I guess Grandma was right.

In her later years of life, I would often swing by her home to pick her up and bring her to our family gatherings. It was during one those moments on the road that we truly talked – and not about the weather or how the crops were doing – but we truly talked about life. On one particular drive, she told me, “When the Grandma goes, so does the family.”

I couldn’t argue that one, as I was fortunate at that time to have both of my grandmothers, each reaching their ninth decades of life (and beyond). But now years later, I find some truth in her words. The Schultz side of my family gathers from time to time at the Pizza Ranch in Mankato, Minn. While none of us live there, it serves as a central meeting place for the large majority of us, and no one has to cook – or do the dishes. As for the Meier side of the family, we’ve made it a practice to gather when Aunt Karen comes to Minnesota.

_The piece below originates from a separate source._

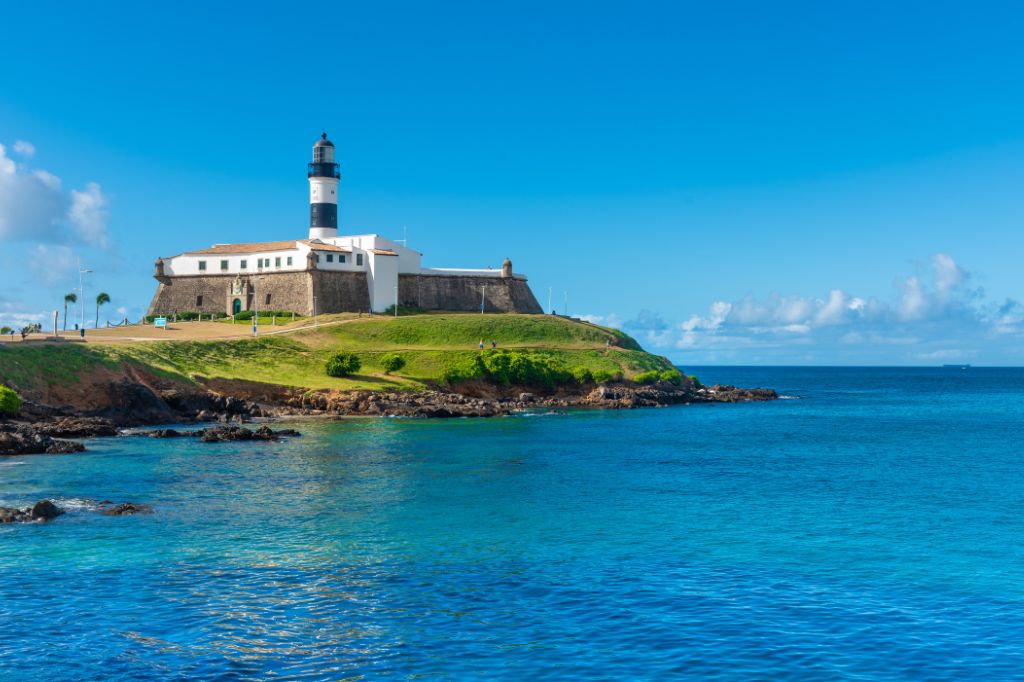 Vista do Farol da Barra em Salvador, com a praia ao redor e o mar azul ao fundo.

And that’s what occurred Sunday. Aunt Karen, who now calls Arizona her home, was back for a high school class reunion.

I got to thinking about the last time Aunt Karen came for a visit. My Mom, Aunt Doris, Uncle Marty and Cousin David were all there. But this time, they weren’t. Sadly, the ugly disease of cancer won the battle against each of them.

As a kid, family gatherings were – at a minimal – once a month. Without fail, we gathered for Easter, Thanksgiving and Christmas. And of course, someone was always having a birthday or an anniversary, getting confirmed, graduating, exchanging ‘I do’s’ or celebrating a new arrival to the family with their baptism.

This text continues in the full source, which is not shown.